*** SOURCE DATA ***
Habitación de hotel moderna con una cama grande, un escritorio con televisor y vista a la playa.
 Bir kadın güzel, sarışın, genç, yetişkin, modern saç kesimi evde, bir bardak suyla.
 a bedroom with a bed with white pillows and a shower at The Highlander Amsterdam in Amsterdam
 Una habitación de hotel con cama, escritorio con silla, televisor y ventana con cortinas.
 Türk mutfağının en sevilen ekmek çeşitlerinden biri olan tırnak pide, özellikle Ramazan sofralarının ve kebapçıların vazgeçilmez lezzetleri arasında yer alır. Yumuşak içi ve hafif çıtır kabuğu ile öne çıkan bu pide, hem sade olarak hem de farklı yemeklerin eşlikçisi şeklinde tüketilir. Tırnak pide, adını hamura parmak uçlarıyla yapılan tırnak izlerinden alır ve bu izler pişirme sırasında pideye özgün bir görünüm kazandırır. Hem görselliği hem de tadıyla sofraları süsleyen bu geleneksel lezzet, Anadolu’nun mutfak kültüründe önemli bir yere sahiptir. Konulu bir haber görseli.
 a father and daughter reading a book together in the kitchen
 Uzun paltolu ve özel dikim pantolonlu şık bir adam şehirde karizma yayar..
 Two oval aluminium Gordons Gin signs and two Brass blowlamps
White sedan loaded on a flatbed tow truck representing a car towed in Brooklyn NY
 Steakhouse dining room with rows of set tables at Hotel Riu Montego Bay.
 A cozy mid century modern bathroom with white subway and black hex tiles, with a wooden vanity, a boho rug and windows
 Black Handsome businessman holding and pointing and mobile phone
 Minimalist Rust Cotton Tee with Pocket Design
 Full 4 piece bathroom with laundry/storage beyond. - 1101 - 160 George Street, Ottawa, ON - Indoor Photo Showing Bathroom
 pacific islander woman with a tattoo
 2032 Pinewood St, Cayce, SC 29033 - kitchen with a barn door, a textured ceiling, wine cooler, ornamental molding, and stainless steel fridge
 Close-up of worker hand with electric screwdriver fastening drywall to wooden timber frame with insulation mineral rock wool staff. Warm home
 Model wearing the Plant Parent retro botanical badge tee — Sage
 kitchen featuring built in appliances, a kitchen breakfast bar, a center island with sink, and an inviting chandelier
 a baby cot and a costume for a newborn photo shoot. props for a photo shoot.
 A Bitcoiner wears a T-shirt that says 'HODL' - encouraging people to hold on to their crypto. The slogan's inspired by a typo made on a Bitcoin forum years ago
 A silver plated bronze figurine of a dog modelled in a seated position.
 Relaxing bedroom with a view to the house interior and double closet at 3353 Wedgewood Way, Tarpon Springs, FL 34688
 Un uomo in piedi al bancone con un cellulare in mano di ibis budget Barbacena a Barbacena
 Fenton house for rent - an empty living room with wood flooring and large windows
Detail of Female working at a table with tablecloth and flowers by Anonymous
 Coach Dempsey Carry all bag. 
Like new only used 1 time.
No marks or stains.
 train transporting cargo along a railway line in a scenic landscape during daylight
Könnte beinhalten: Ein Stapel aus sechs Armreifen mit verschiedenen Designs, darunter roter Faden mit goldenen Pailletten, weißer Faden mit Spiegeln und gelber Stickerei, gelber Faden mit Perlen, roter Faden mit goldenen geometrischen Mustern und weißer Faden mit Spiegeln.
*** End of SOURCE DATA ***
■ ABOUT THIS TASK
What is the number of lines in the data above that include the word "escritorio"? Answer with that number only.

■ RESULT FOR THIS EXERCISE
2